Raised in New Orleans' rough-and-tumble 17th Ward, young Dwayne was unofficially adopted around age 13 by that city's gangsta rapper turned music mogul Bryan "Baby" Williams, co-chief executive of Cash Money Records. Weezy came of age just as Southern rap found widespread national recognition, and he devoted most of his teens to the platinum-selling gangsta rap trio the Hot Boys.
Throughout the early '90s, his albums sold millions, though he remained mostly off the mainstream grid. He still was associated closely with the niche Southern rap community, and few outside the Cash Money fold would have predicted Wayne's maturation into a kind of hip-hop savant who spews off-the-cuff rhymes -- sometimes in French, calling himself a Martian and spanning a crazy quilt of cultural touchstones, including a rebuke of President Bush's handling of Hurricane Katrina -- like other people write e-mail.
The rapper clearly thrills in onomatopoeia, rhyming "don't let the devil in" with "heavy metalin'," " Led Zeppelin," "estrogen" and "new testament" on the song "I'm Me."
According to Cash Money's co-CEO Ronald "Slim" Williams, Wayne's success has everything to do with the work-hard/no-play ethos his label boss/father figures drilled into him. "Instead of getting caught up with all the things that come with being an artist in the music industry, he stayed focused on being the best," Williams said. "While everyone was running around partying, he was in the studio, working, practicing his craft."
Following Weezy for four months as he toured the world last summer, "The Carter" director Adam Bhala Lough captured a portrait of the artist as a young workaholic -- a guy whose rap braggadocio and sexual bluster can't disguise that his only real solace is creative release. Schlepping a mobile studio in a black bag with him, Lil Wayne is shown laying down vocals wherever he goes: in hotel rooms and tour buses as well as professional recording booths. He writes down nothing, improvising sophisticated rhyme schemes and spitting tightly calibrated pileups of goofy jokes, disses and cultural allusions on the spot.
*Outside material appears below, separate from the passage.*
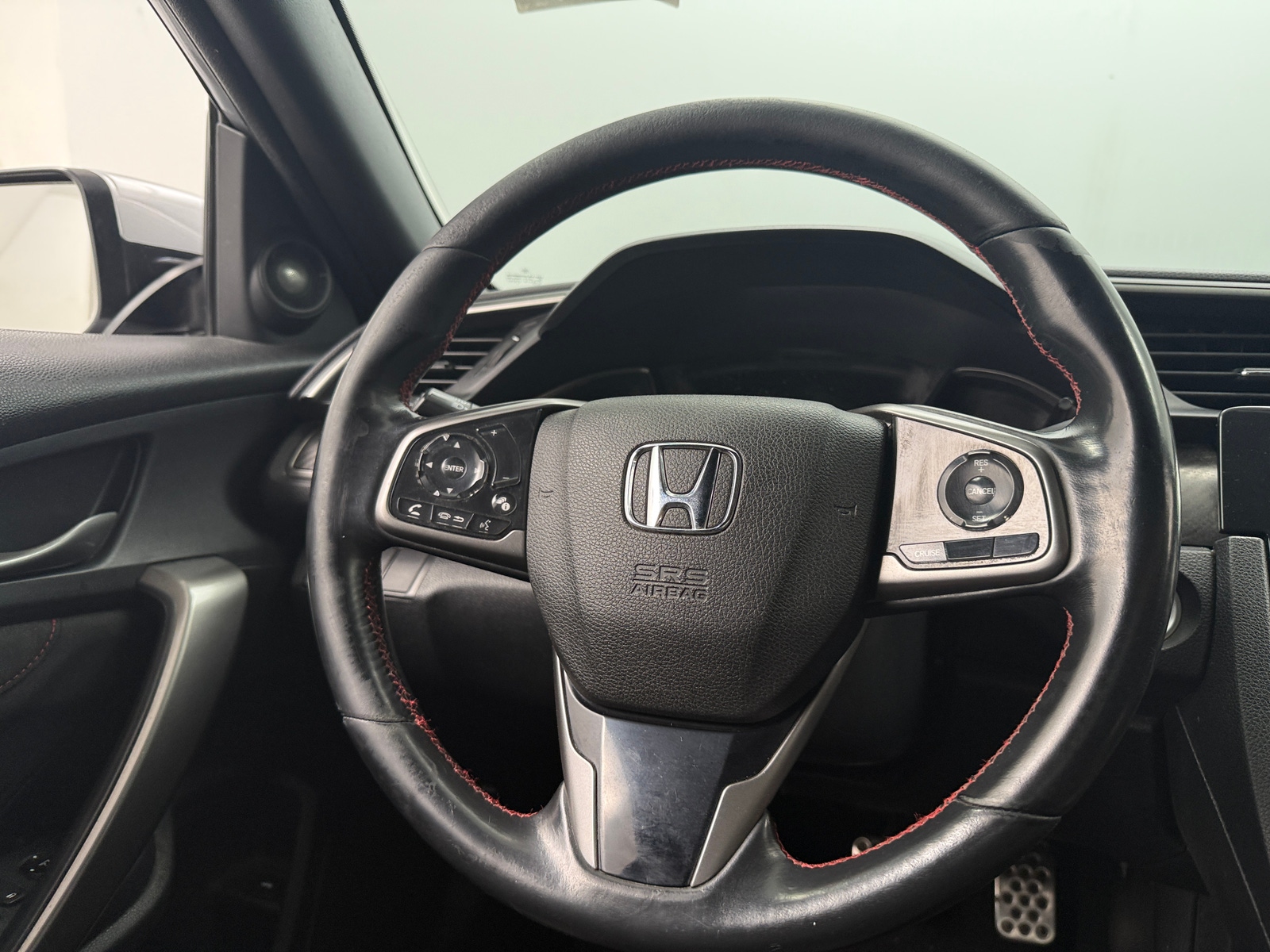 Thumbnail: 2019 Honda Civic - 4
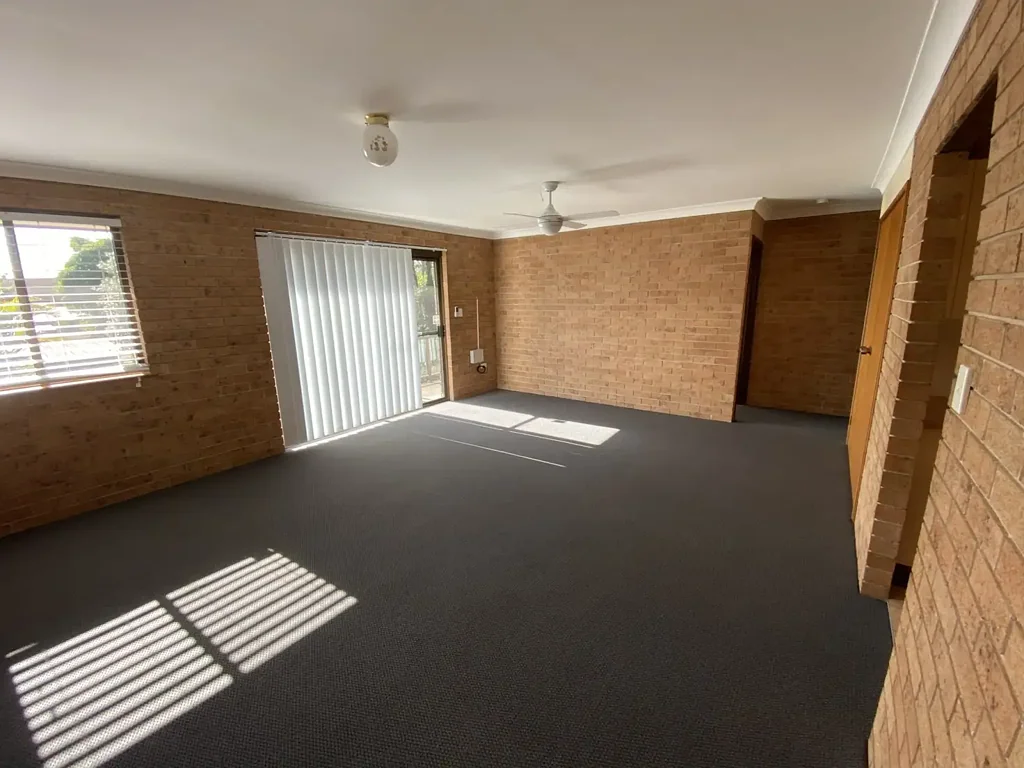 Tidy Two Bedder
"It's breathtaking what comes out of this guy's mind," said Lough a day after the movie's premiere in Sundance. "I wanted to have these long, unedited takes where you'd see Wayne's raw performance on camera. You can say, 'He's just rapping.' No he's not! It's like performance art."
Added Quincy Jones III, producer of "The Carter": "You can tell that he's fearless in terms of trying new things. Having worked with Tupac, [Wayne] reminded me of him in that way. He's excited about being good and the sales numbers are secondary."